*** Opening Record excerpts ***
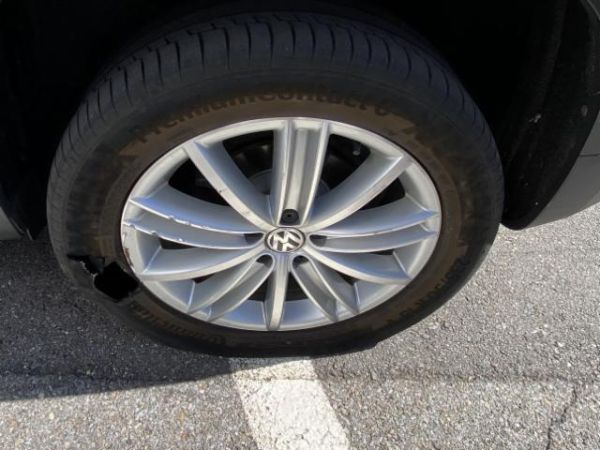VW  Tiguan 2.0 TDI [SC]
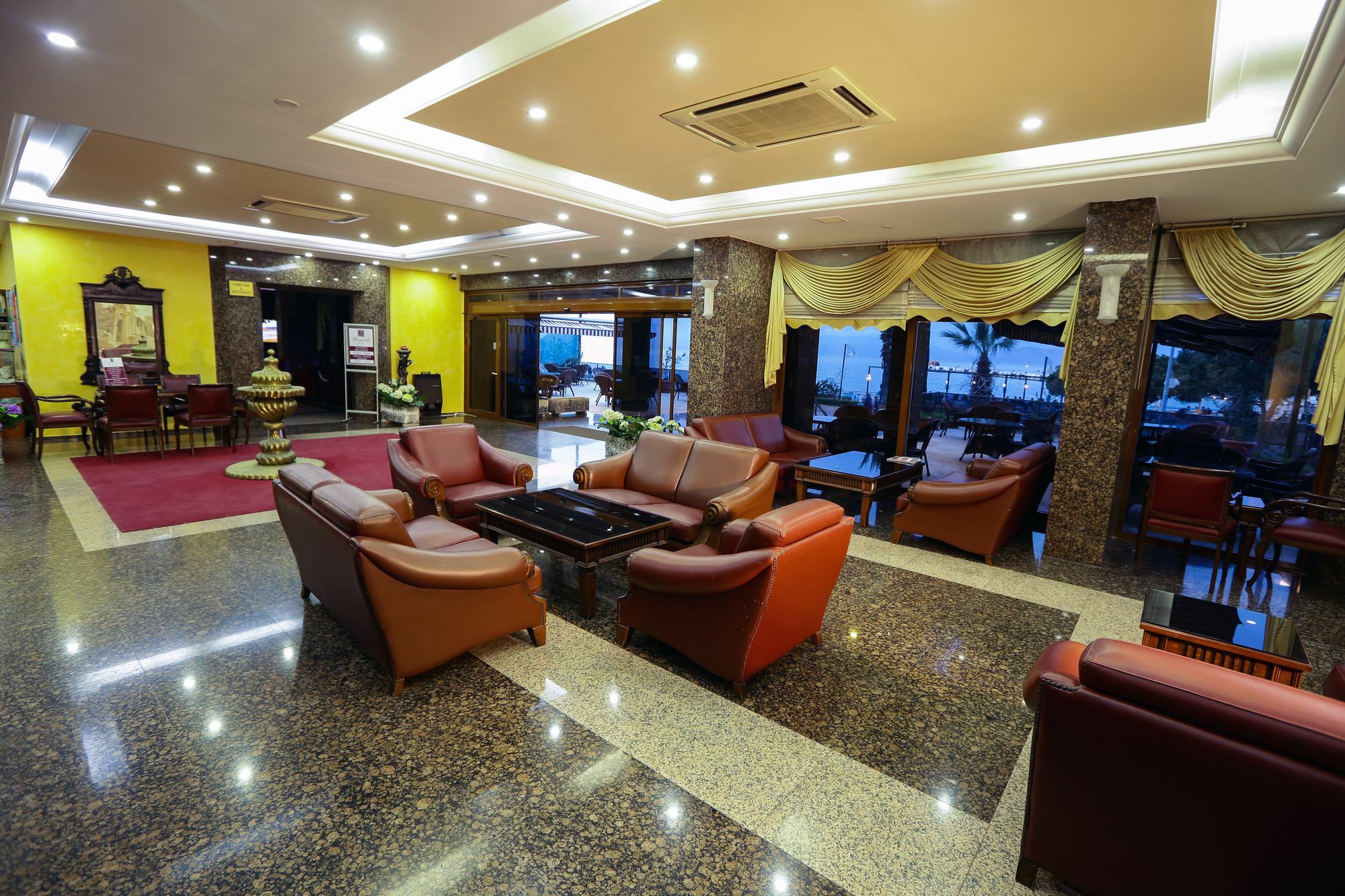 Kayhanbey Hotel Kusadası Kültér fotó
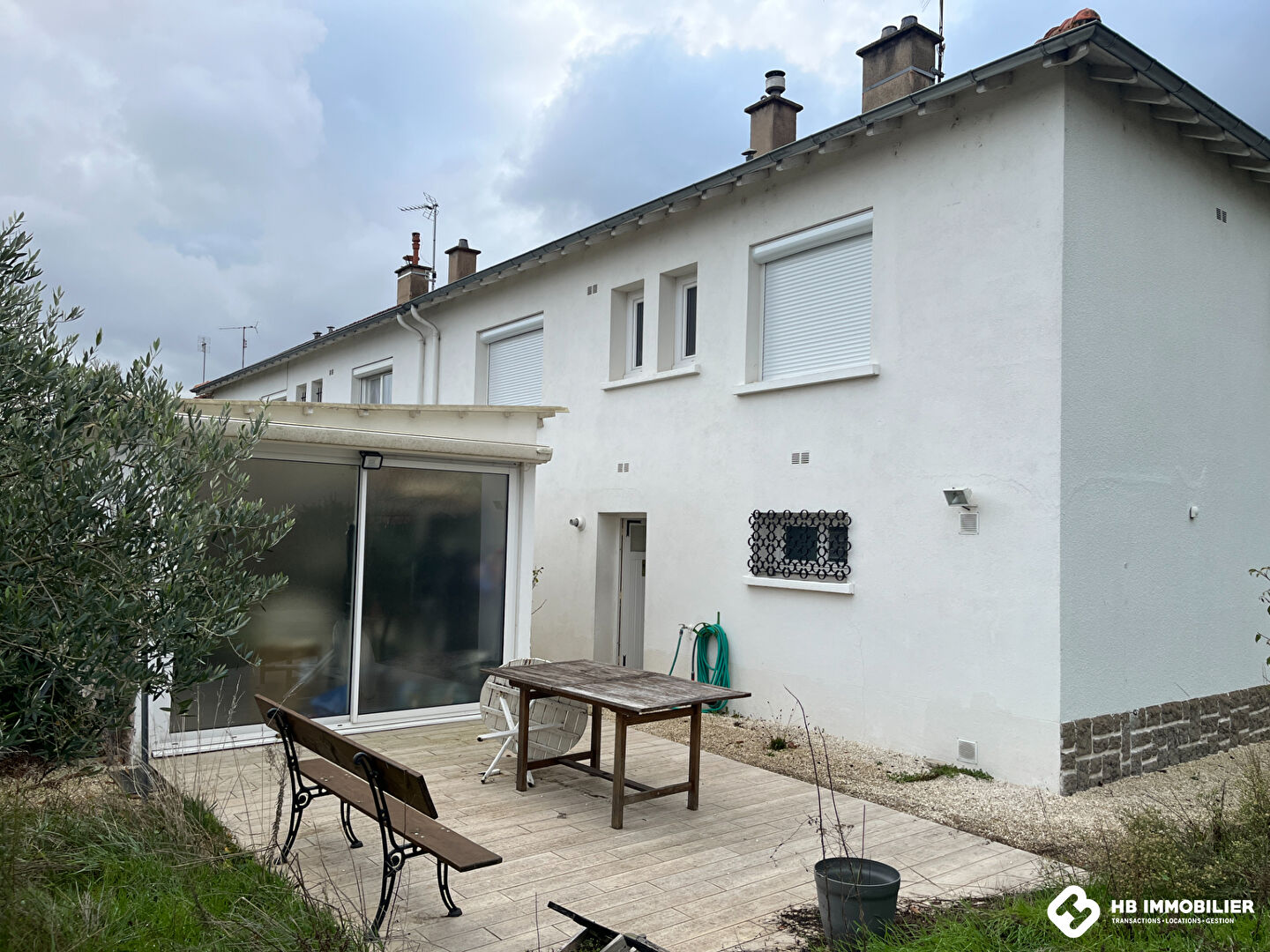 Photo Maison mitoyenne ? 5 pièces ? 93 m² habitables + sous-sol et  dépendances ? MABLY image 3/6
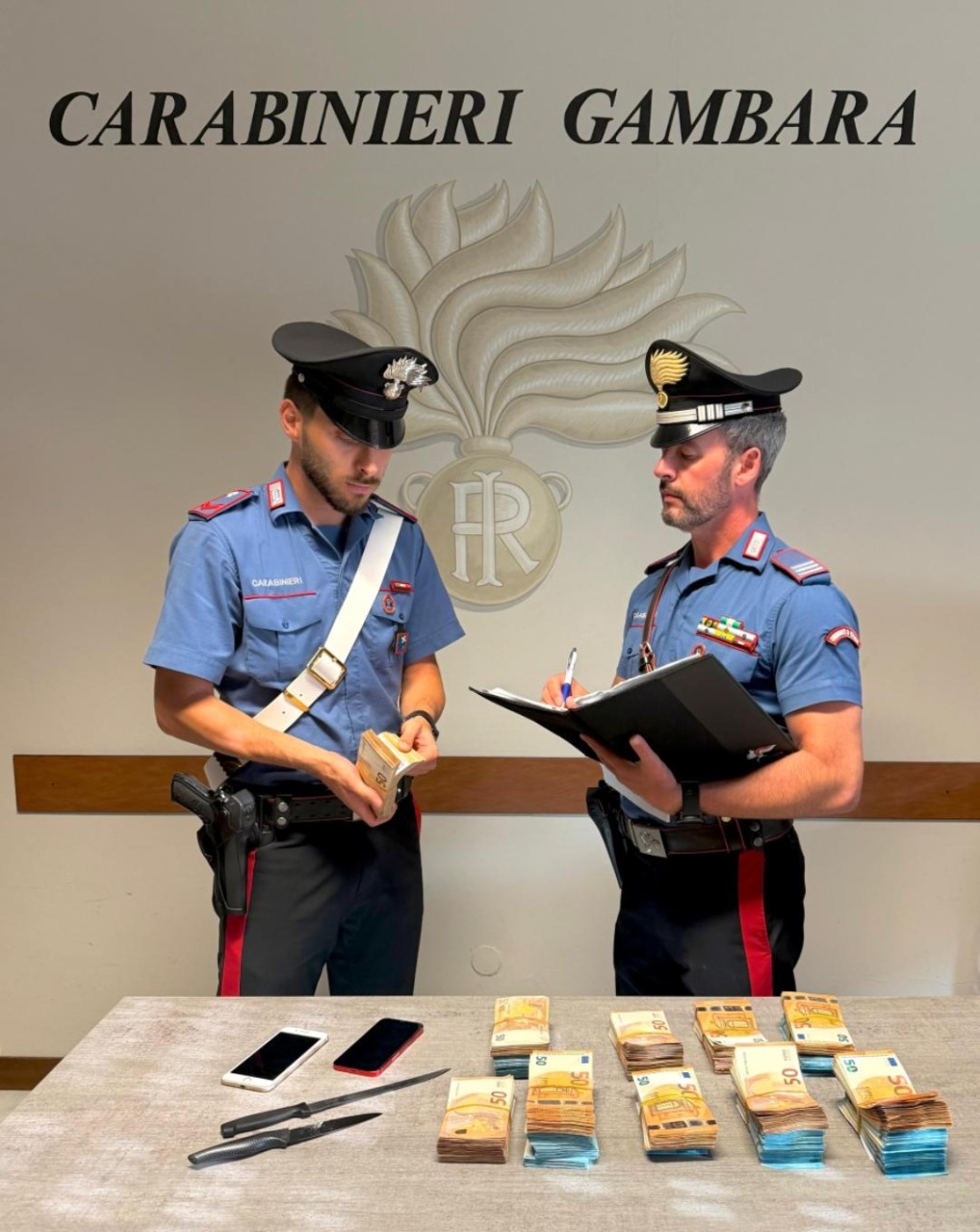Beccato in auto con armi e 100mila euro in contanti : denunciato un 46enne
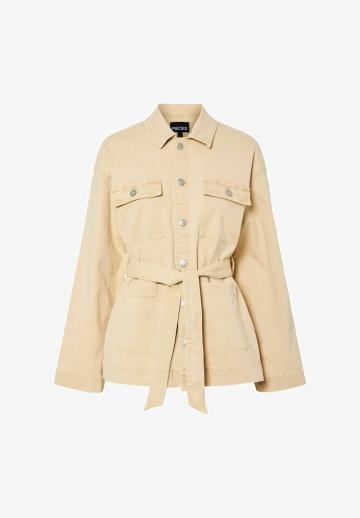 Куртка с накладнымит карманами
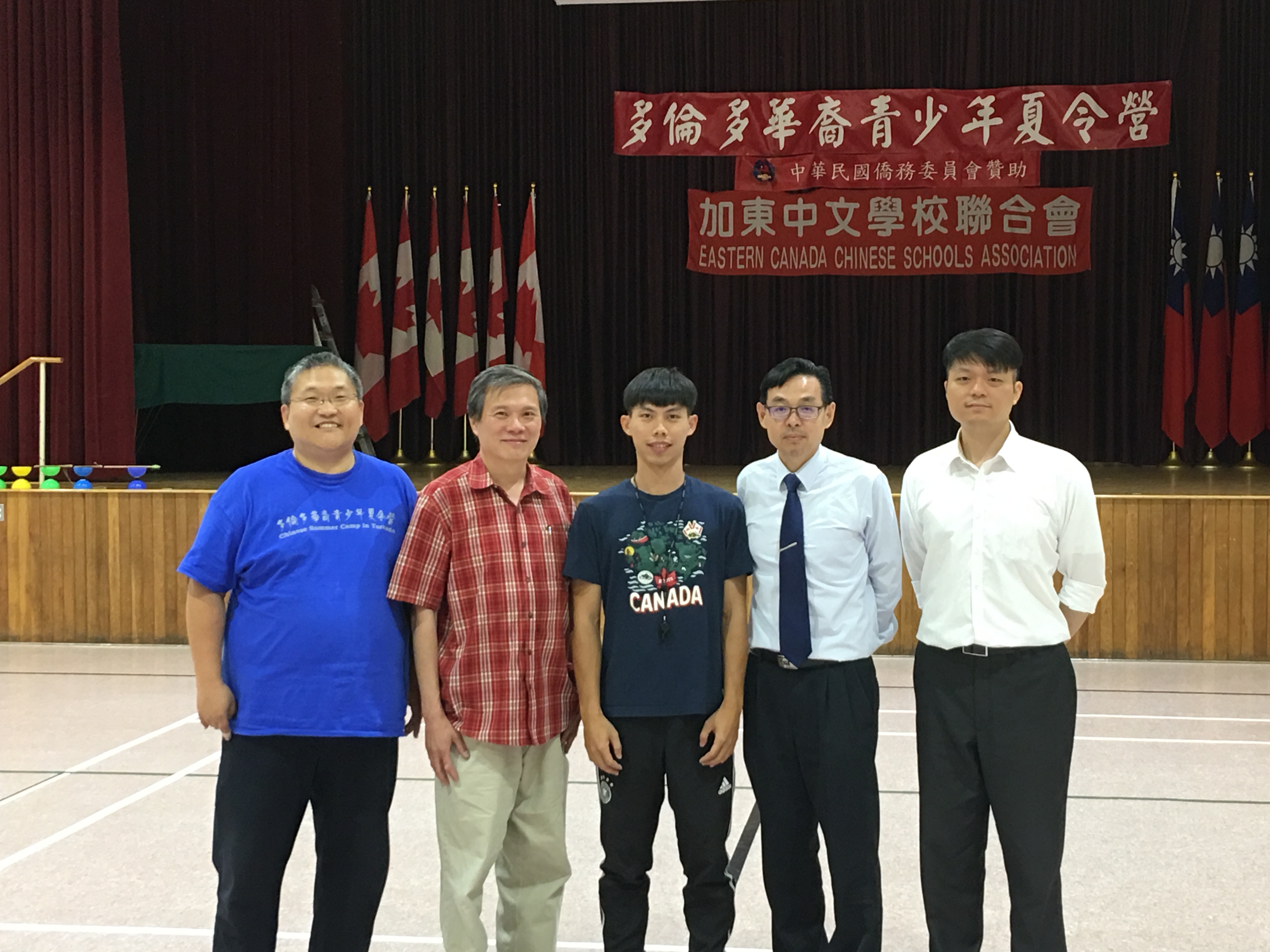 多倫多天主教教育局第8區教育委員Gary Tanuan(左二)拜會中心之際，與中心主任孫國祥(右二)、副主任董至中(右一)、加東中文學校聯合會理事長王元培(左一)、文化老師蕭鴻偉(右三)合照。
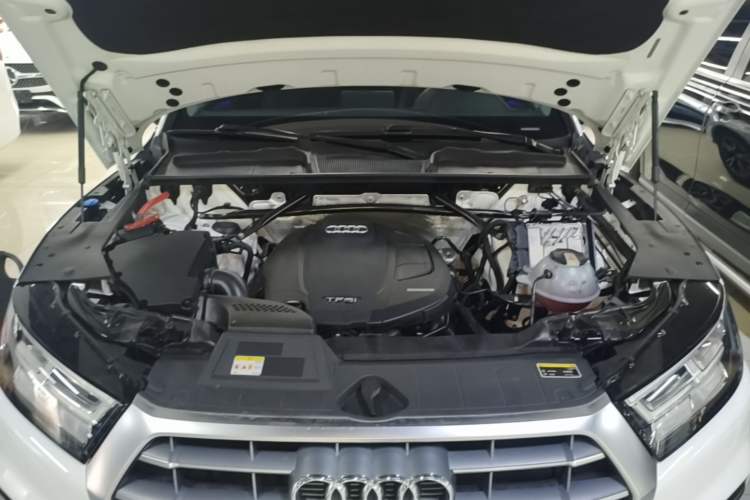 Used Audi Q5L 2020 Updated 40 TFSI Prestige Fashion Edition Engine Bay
*** Closing Record excerpts ***
What you are asked to do: Leaving out every picture, transcribe exactly the lines from the line that contains "多倫多天主教教育局第8區教育" through the final line of the entries above.

Result of the task:
 多倫多天主教教育局第8區教育委員Gary Tanuan(左二)拜會中心之際，與中心主任孫國祥(右二)、副主任董至中(右一)、加東中文學校聯合會理事長王元培(左一)、文化老師蕭鴻偉(右三)合照。
 Used Audi Q5L 2020 Updated 40 TFSI Prestige Fashion Edition Engine Bay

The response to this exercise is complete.